Henle: Manuka-Sträucher benötigen spezielle klimatische Bedingungen, da sie nicht frostresistent sind. Daher gedeihen sie nur in bestimmten Anbaugebieten wie Neuseeland. Es wäre theoretisch möglich, sie in wärmeren Regionen Europas, etwa Spanien oder Teneriffa, anzubauen. Ob das bereits geschieht, weiß ich nicht. Aber selbst wenn der Anbau in Europa erfolgreich wäre, hängt die Qualität des Honigs stark von den spezifischen Inhaltsstoffen ab, die nur unter idealen Bedingungen erreicht werden.
Gibt es Gefahren im Umgang mit Manuka-Honig? Worauf sollte man achten?
Henle: Ich warne davor, Manuka-Honig ohne Rücksprache mit einem Arzt anzuwenden, besonders bei ernsthaften Erkrankungen.
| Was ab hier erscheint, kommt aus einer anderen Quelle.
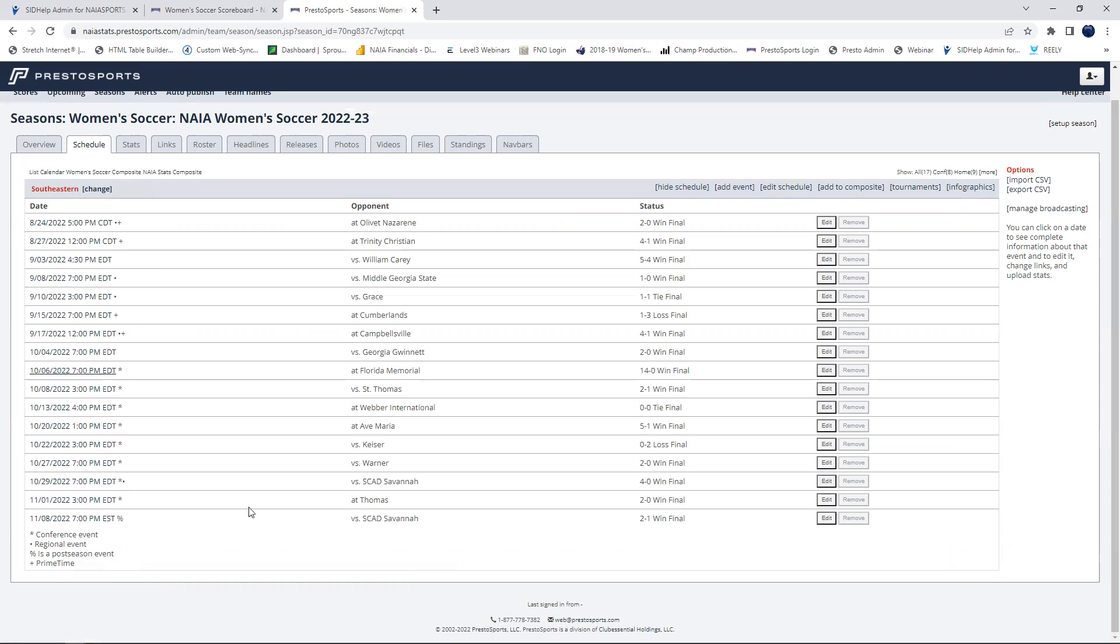And as you can see, I'm on their schedule now. So this is going to look the same as any of your schedules. But when you go ahead and schedule these games in Presto, you'll just go to whatever school that you have access to that you need to do this for.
Auch wenn der Honig potenzielle Heilwirkungen hat, sollte man sich nicht auf Selbsttherapie verlassen.
Würden Sie raten, Manuka-Honig für den Hausgebrauch auszuprobieren?
Henle: Man kann Manuka-Honig überall dort verwenden, wo man normalerweise normalen Honig einsetzen würde. Zum Beispiel im Tee, denn MGO ist in der Tat hitzestabiler als viele andere Inhaltsstoffe. Es könnte sein, dass es eine positive Wirkung hat. Wenn man den Honig als Hausmittel verwenden möchte, ist es einen Versuch wert.